Now this is a great inversion given that in Christianity, whenever anyone mentions a tomb with a rock in front of it, the whole point is that the rock is rolled away, the tomb is empty, and the dead rabblerouser who was in there has come back to life—after that brief sojourn in Hell I mentioned above. Muir has created a minority religion, an Othered Space Catholicism that centers on a tomb that must stay locked in order to protect humanity from the resurrection of a monster. Rather than asking for “lux perpetua luceat eis” this sect asks that the dead “remain buried, insensate, in perpetual rest.”

But the best way to understand the imagery permeating Gideon is the way it writes pain into every part of its story. Please understand I’m going to be trafficking in some generalities here, but Catholicism is embodied while Protestantism is em–brained. Early Protestants latched onto the nerdy idea that the purest practice of religion came through the close study of the Hebrew Bible and New Testament, an idea called sola scriptura.

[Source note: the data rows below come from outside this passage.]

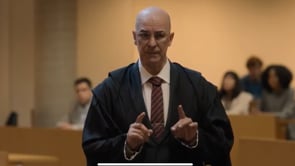 Não Foi Minha Culpa - Dir: Susanna Lira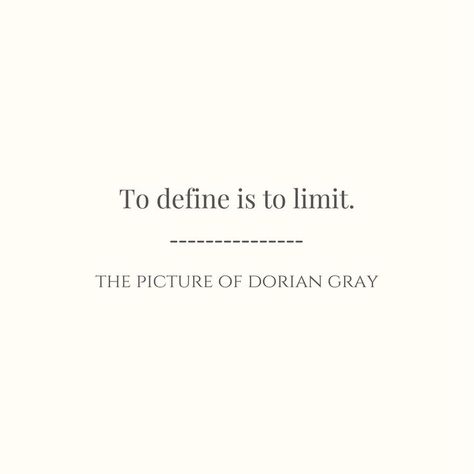 The Picture Of Dorian Gray Tattoo, Picture Of Dorian Gray Tattoo, The Picture Of Dorian Gray Art, Dorian Gray Tattoo, The Picture Of Dorian Gray Quotes, Dorian Gray Quotes, Pretty Poetry, Gray Tattoo, Gothic Literature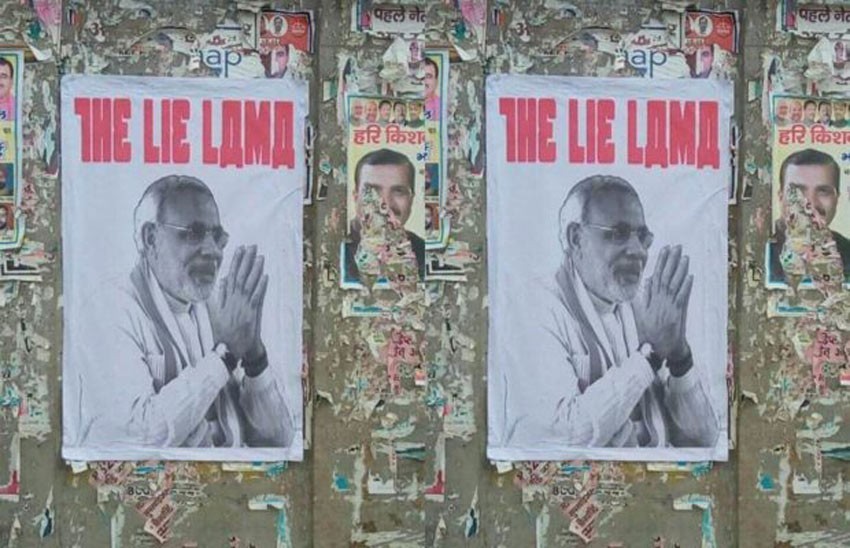 Modi-India-1526095167.jpg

Catholicism, on the other hand, is all about hard work and toil and, ultimately, failure—which can only be redeemed by grace, maybe, if grace feels like it. Catholicism is very much about learning through pain, and being put on earth to suffer, because suffering is how you learn. The suffering is the actual reason the Hobbits have to walk through Mordor. It’s why The Two Towers is so long. There’s a reason that one of the greatest Catholic organizations is called the Catholic Workers, and that the Jesuits and the Knights of Columbus both invoke military structures and honor codes. There’s a reason Daredevil is always so beat up. Once you fold Original Sin into your structure of the universe, you have to reckon with it, right? You have to pay it off. It was Catholics who took the idea of the “Third Place” of Purgatory and fucking ran with it—the idea that when you die it isn’t just a binary option, joy in heaven or despair in hell. No, there’s a third option, one where you have to keep working, in some pain but not an unbearable amount, until you’ve burned off the sins you accrued in life. It is a way to step out of the binary of good/evil, heaven/hell. It is a queering of death.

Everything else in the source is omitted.